## What is needed
The line containing "Golden Nest Villa Dehradun - Jhājra" marks the start. Return it and every later line of the listing below exactly, ending with the last one.

## Source data
* * * * * * *
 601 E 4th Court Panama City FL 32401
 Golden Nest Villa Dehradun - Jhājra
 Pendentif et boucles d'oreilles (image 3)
* * * * * * *
## Written reply
 Golden Nest Villa Dehradun - Jhājra
 Pendentif et boucles d'oreilles (image 3)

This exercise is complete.